Traditionally, a vice presidential candidate usually came from a large swing state in a section of the country removed from the presidential candidate’s home state. The classic (and most successful) instance of this once conventional pattern was John Kennedy’s selection in 1960 of Lyndon Johnson as Kennedy’s running mate. Johnson was picked to deliver the electoral votes of Texas and other southern states to a ticket headed by a candidate from Massachusetts. It worked.
A generation later, another Democratic presidential nominee from Massachusetts, Michael Dukakis, emulated Kennedy by selecting as his vice presidential nominee Texas Senator Lloyd Bentsen. This time it didn’t work, but the Dukakis-Bentsen ticket fell well within the tradition of geographic balancing.

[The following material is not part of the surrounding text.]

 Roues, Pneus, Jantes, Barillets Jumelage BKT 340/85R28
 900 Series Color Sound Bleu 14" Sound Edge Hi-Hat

The new, policy-oriented pattern commenced in the next election in 1992 when Bill Clinton of Arkansas named as his running mate the senator from next door, Tennessee’s Al Gore. In terms of geographic balance, a Clinton-Gore ticket made no sense — two southerners from neighboring states.
Clinton saw the role of the vice president differently. Gore possessed Washington experience and connections Clinton lacked. Gore thus provided, not geographic balance, but national experience and expertise. This departure from traditional geographic ticket balancing worked for the Democrats both in 1992 and in 1996.
When it was Gore’s turn to choose a running mate in 2000, Gore too departed from tradition, turning to Connecticut’s junior senator, Joe Lieberman. True, Lieberman came from a northern state, Connecticut. But the Nutmeg State, then with eight electoral votes, was not a great electoral prize nor was it in serious doubt for the Democratic ticket. Gore turned to Lieberman because the ethically-challenged image of the Clinton Administration was a problem for Gore. Lieberman’s reputation for ethical probity provided useful ballast to the Democratic ticket.
But it was the Bush-Cheney ticket in 2000 which truly broke the geographic balancing mold. Bush did not pick Cheney for the vice presidency to secure Wyoming’s three electoral votes. Rather, the Texas Governor selected Cheney to bring to the ticket Cheney’s perceived gravitas including his experience as Wyoming’s congressman, Secretary of Defense, and White House Chief of Staff.
By 2008, it was no longer innovative when Barack Obama selected Joseph Biden of Delaware as his vice presidential running mate. Biden was not placed on the ticket to secure Delaware’s three electoral votes or otherwise secure geographic balance. Like Gore and Cheney, Biden was perceived as a Washington insider and policy expert. Biden’s experience augmented a ticked headed by a presidential candidate whose tenure in the nation’s capital consisted of a single, not-yet-completed term in the US Senate.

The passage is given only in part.